■ **Try it**
Exactly as written, return all the data, leaving its pictures behind.
┌─ Supplied data
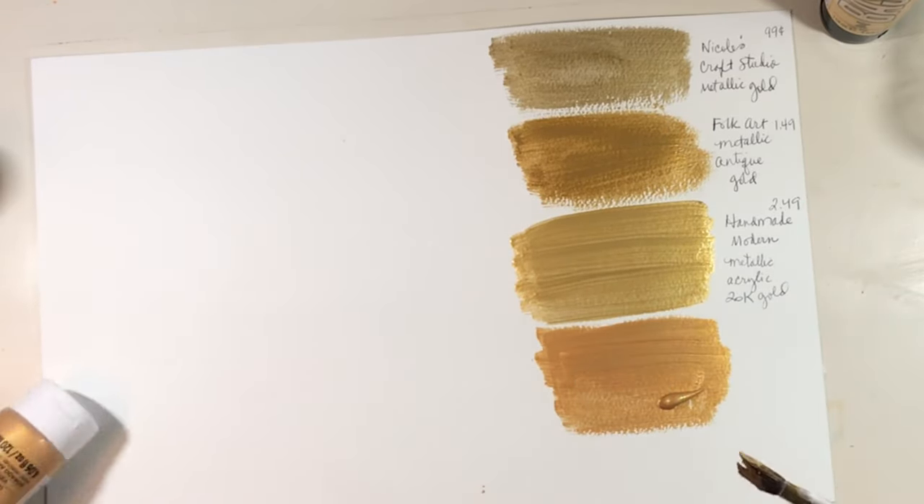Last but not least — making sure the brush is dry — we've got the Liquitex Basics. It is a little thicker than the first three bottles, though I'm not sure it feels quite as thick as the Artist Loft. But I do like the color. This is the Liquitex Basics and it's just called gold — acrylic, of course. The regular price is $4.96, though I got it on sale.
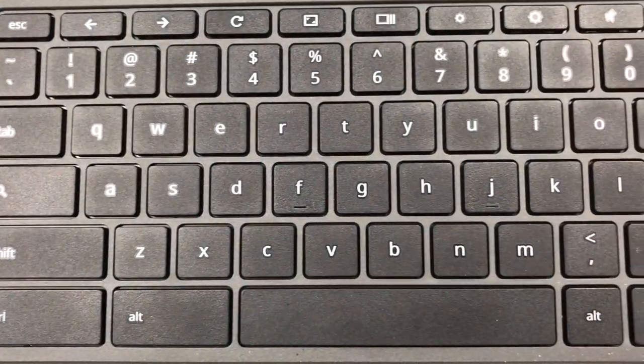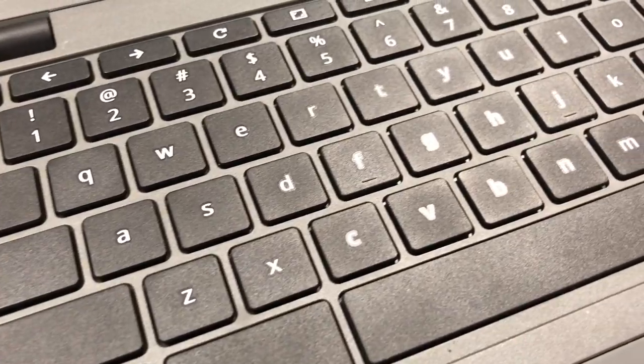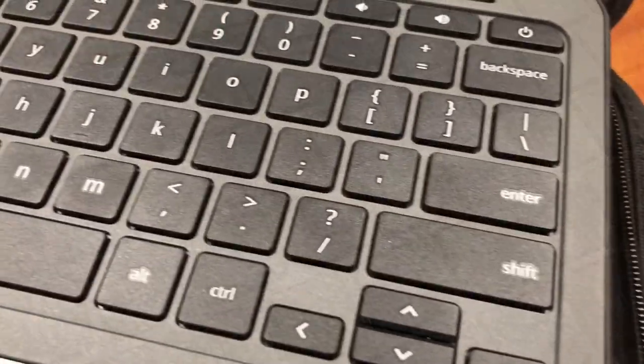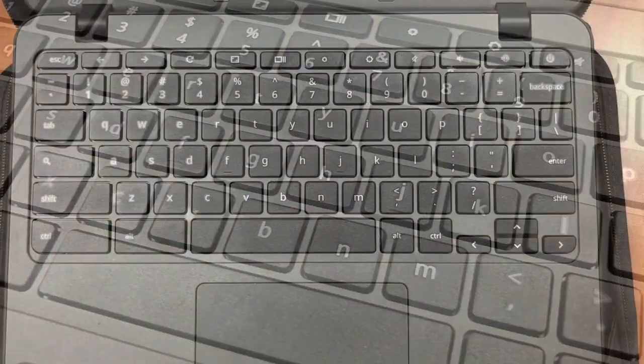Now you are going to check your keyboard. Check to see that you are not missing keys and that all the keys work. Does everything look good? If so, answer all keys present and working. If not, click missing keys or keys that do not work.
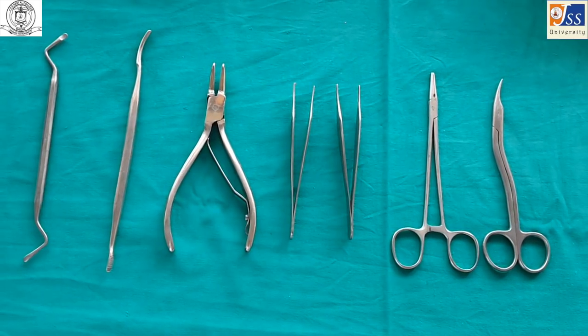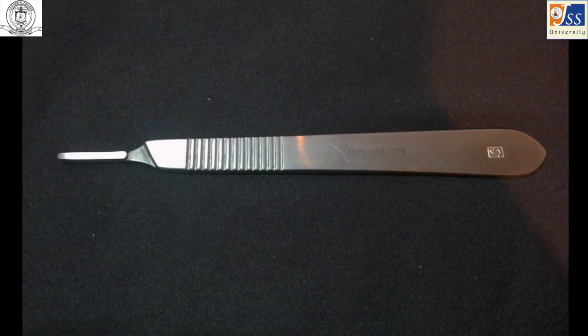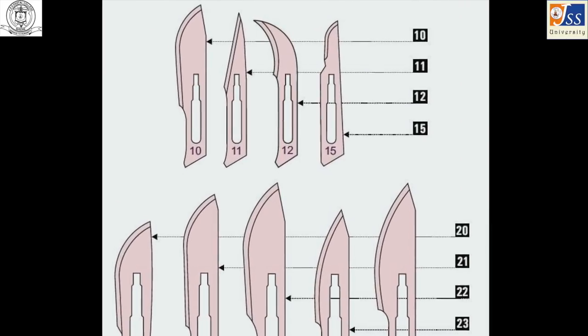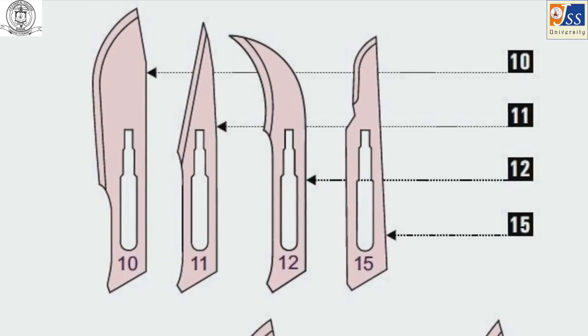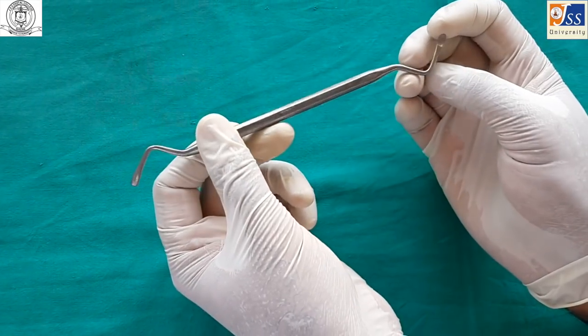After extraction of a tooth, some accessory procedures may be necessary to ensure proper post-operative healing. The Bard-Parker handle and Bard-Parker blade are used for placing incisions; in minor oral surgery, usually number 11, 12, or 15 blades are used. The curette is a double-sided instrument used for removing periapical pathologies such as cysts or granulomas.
└─
■ **Exercise answer**
Last but not least — making sure the brush is dry — we've got the Liquitex Basics. It is a little thicker than the first three bottles, though I'm not sure it feels quite as thick as the Artist Loft. But I do like the color. This is the Liquitex Basics and it's just called gold — acrylic, of course. The regular price is $4.96, though I got it on sale.
Now you are going to check your keyboard. Check to see that you are not missing keys and that all the keys work. Does everything look good? If so, answer all keys present and working. If not, click missing keys or keys that do not work.
After extraction of a tooth, some accessory procedures may be necessary to ensure proper post-operative healing. The Bard-Parker handle and Bard-Parker blade are used for placing incisions; in minor oral surgery, usually number 11, 12, or 15 blades are used. The curette is a double-sided instrument used for removing periapical pathologies such as cysts or granulomas.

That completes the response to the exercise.